_AIM OF THE EXERCISE_: Leave the pictures out, and transcribe the material below exactly from the line with "2022 GMC Yukon - мініатюра 38" to the line with "Vintage decanters, vases and musc h...", both lines included.

:: DATA TO EXAMINE

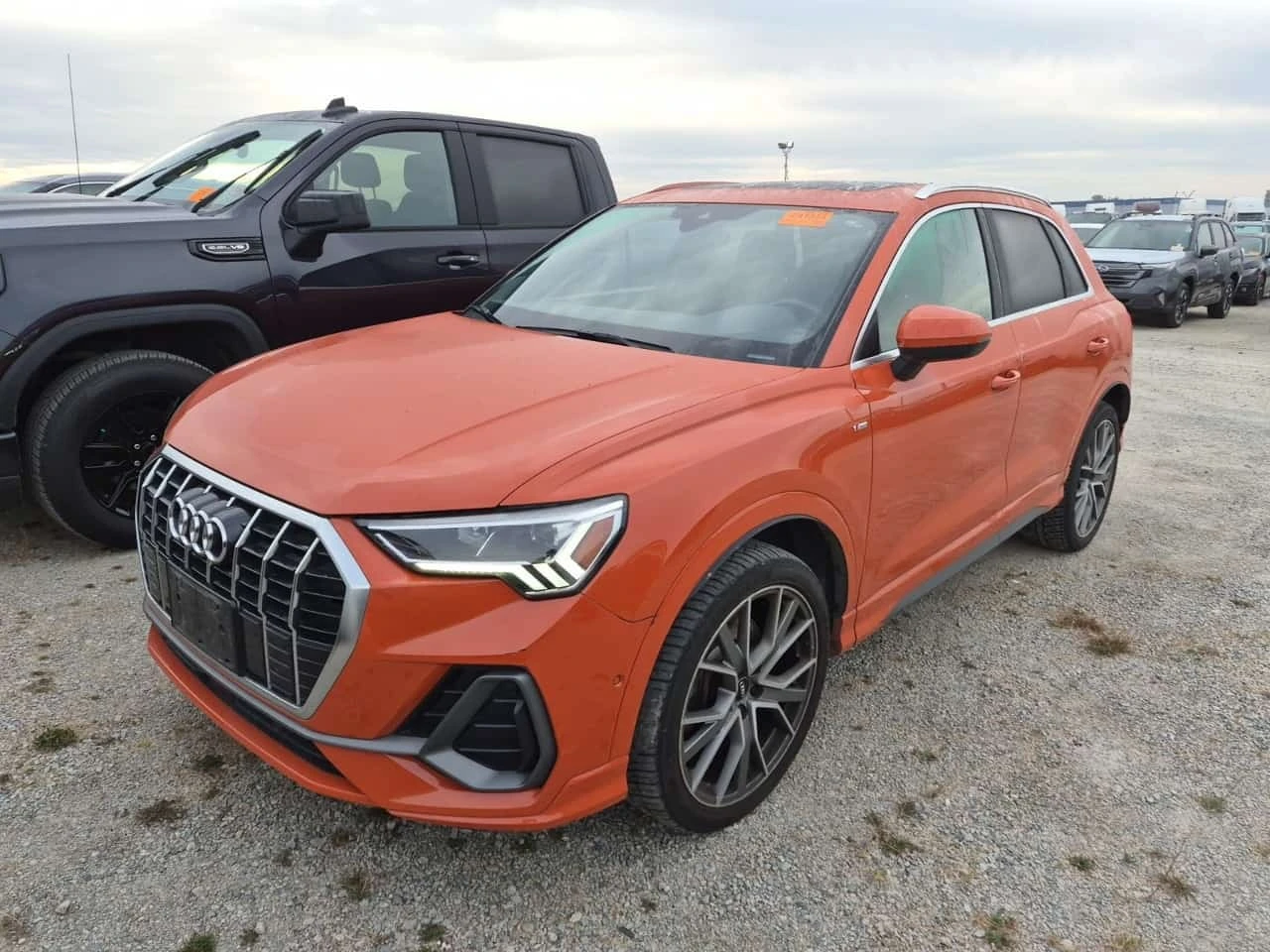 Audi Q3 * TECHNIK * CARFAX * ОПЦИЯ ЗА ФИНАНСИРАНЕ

::::
:: DATA TO EXAMINE

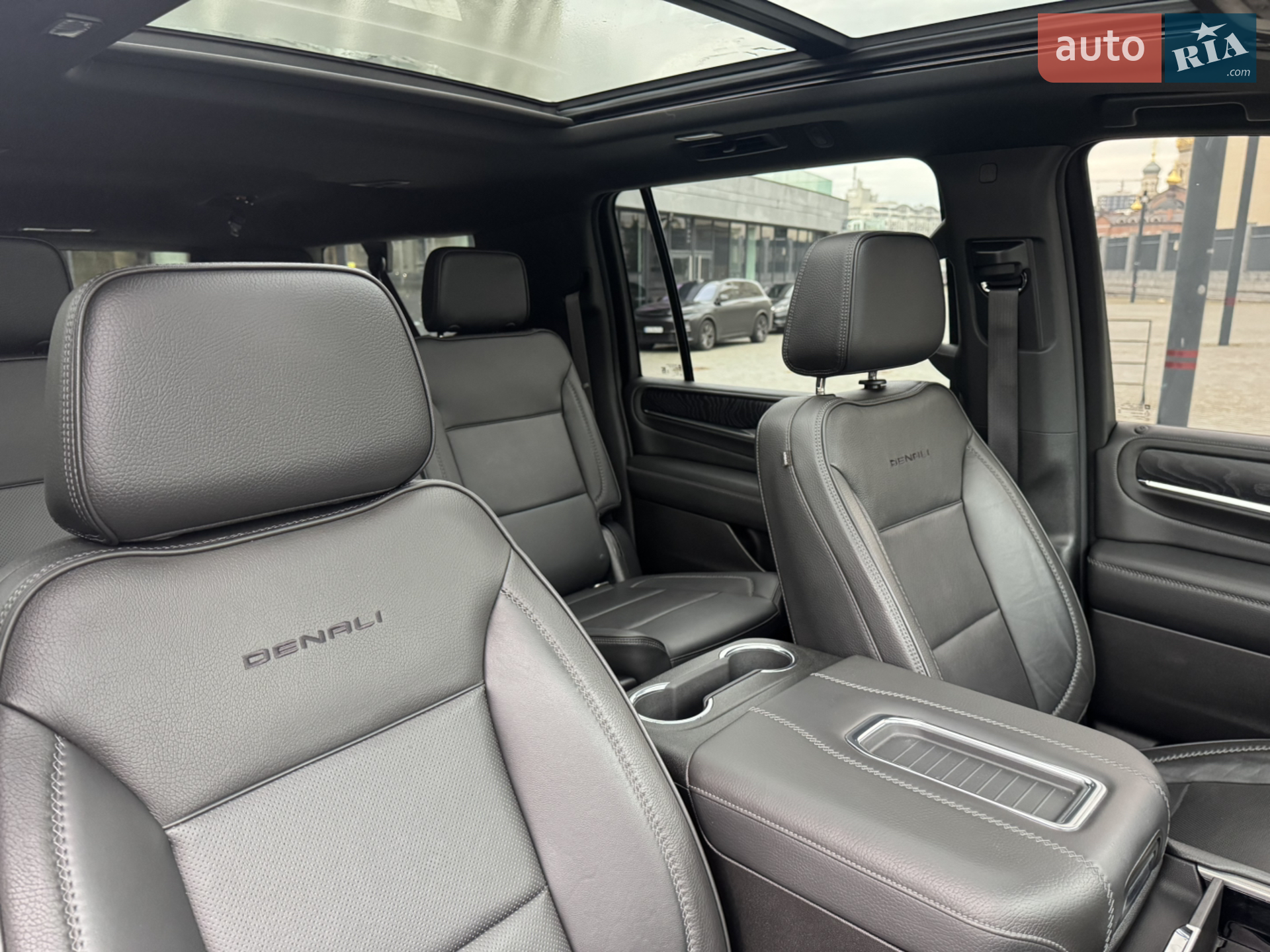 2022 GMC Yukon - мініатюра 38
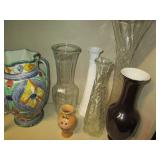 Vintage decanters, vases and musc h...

::::
:: DATA TO EXAMINE

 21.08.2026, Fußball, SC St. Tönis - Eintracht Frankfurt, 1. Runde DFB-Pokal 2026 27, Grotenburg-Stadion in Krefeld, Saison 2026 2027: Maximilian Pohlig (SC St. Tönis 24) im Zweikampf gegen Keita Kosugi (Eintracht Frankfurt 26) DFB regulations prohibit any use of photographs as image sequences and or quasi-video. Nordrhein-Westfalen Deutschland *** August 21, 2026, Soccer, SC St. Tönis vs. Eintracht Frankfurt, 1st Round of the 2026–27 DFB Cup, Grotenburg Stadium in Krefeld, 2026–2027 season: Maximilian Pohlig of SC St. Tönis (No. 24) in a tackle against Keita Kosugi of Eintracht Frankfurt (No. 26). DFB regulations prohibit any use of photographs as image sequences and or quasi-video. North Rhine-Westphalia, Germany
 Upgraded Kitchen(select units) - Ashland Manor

::::

_EXERCISE OUTPUT_:
 2022 GMC Yukon - мініатюра 38
 Vintage decanters, vases and musc h...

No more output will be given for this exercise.